* **WHAT TO PRODUCE**
Return every line below as is, leaving out the pictures.

* **DATASET EXTRACT**
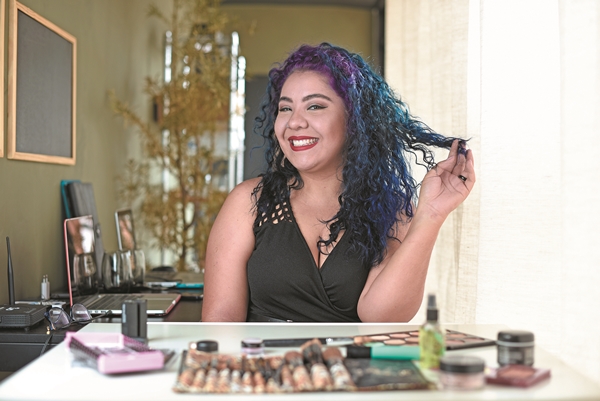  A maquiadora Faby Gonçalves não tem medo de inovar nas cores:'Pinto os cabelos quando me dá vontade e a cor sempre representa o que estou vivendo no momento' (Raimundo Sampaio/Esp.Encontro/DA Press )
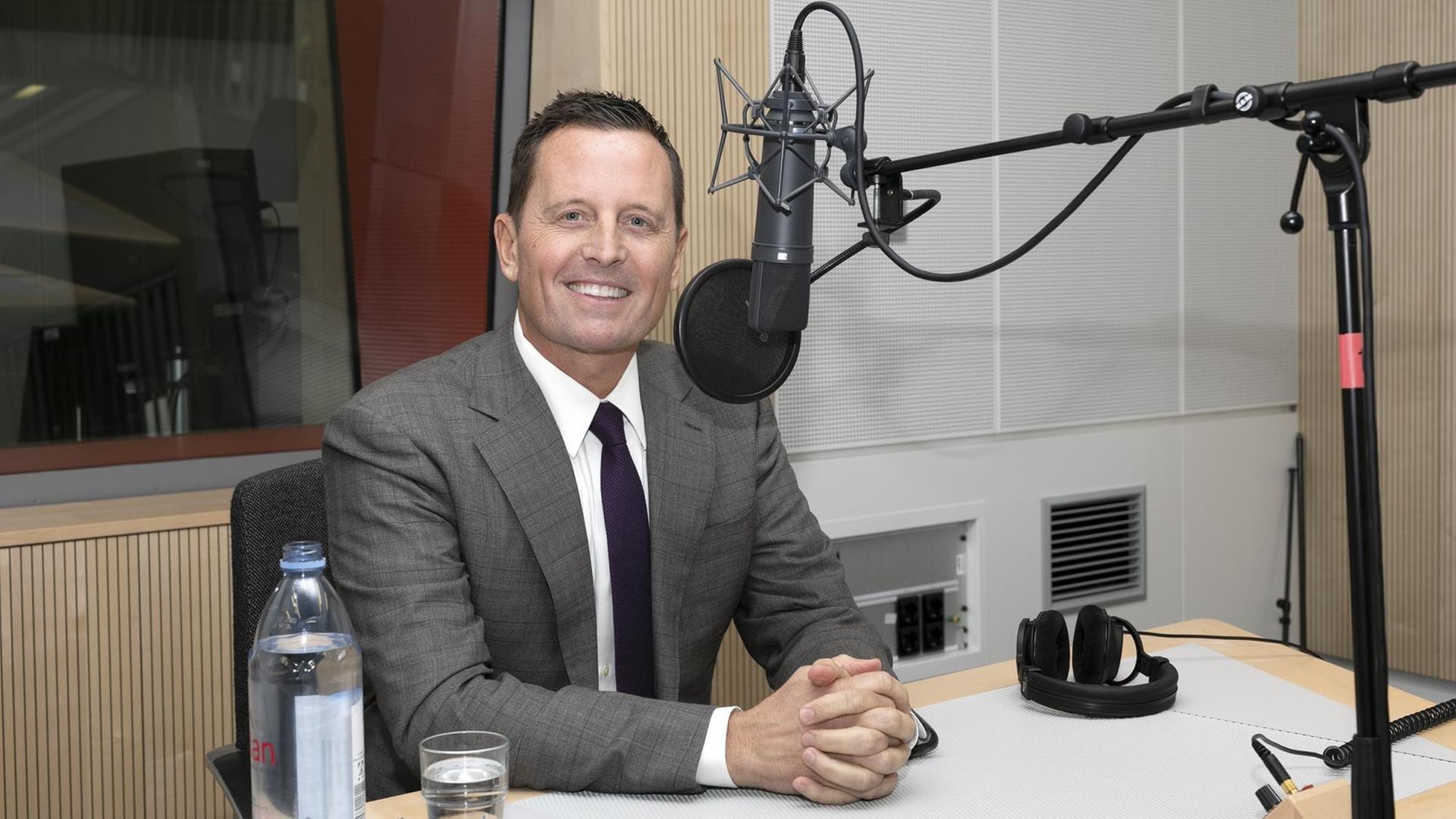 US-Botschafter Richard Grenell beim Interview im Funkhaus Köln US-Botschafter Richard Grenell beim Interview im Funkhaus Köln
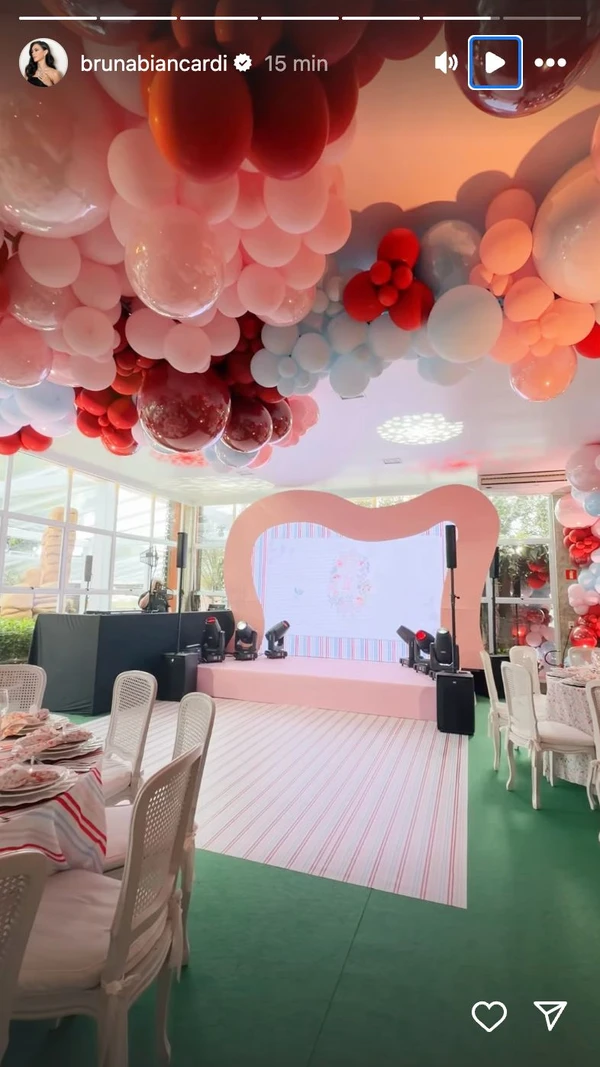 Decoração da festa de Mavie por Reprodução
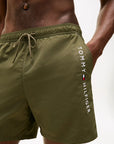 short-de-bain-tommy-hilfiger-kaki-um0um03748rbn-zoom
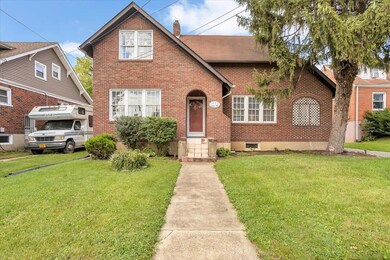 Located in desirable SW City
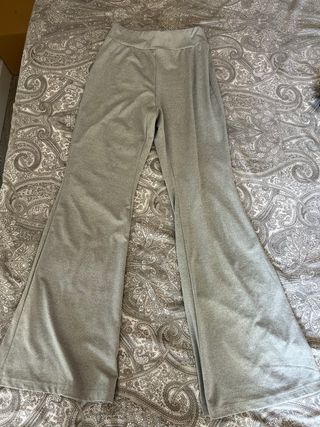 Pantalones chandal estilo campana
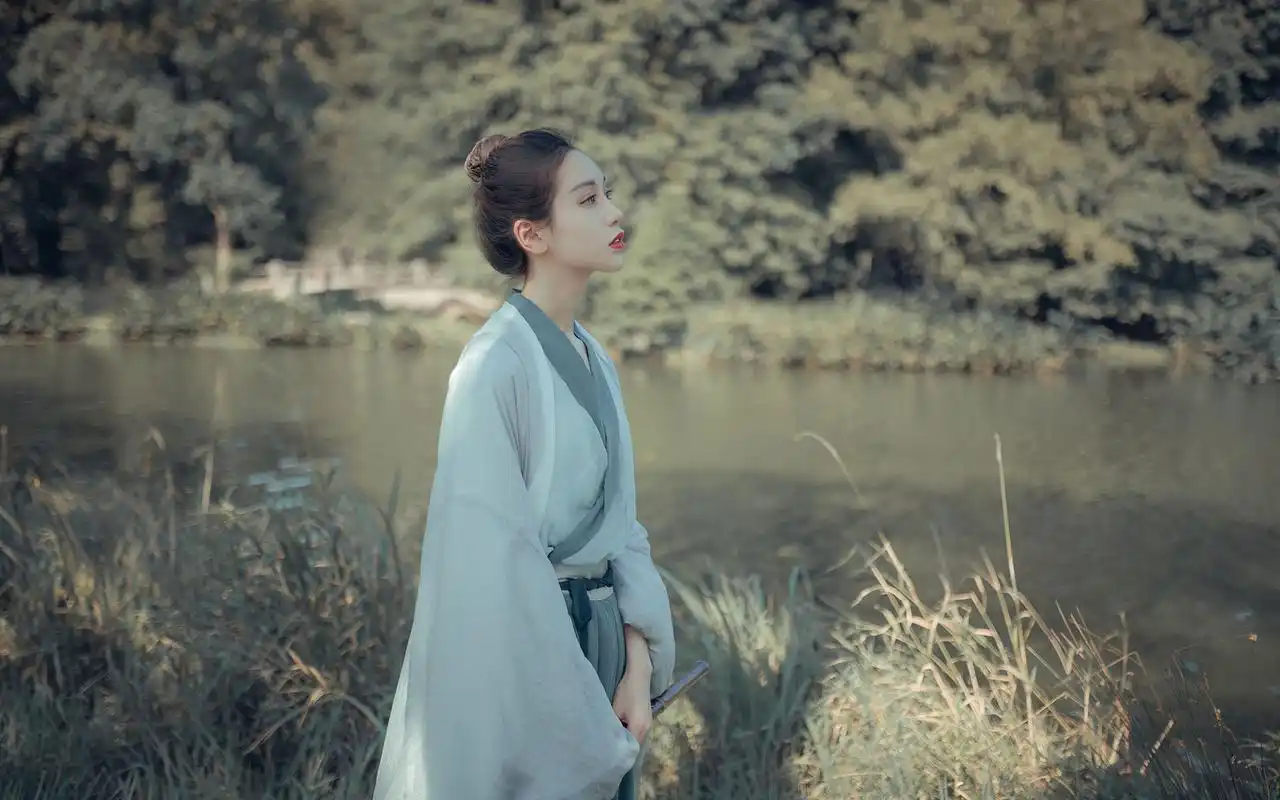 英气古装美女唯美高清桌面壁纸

* **RESPONSE FOR THIS EXERCISE**
  A maquiadora Faby Gonçalves não tem medo de inovar nas cores:'Pinto os cabelos quando me dá vontade e a cor sempre representa o que estou vivendo no momento' (Raimundo Sampaio/Esp.Encontro/DA Press )
 US-Botschafter Richard Grenell beim Interview im Funkhaus Köln US-Botschafter Richard Grenell beim Interview im Funkhaus Köln
 Decoração da festa de Mavie por Reprodução
 short-de-bain-tommy-hilfiger-kaki-um0um03748rbn-zoom
 Located in desirable SW City
 Pantalones chandal estilo campana
 英气古装美女唯美高清桌面壁纸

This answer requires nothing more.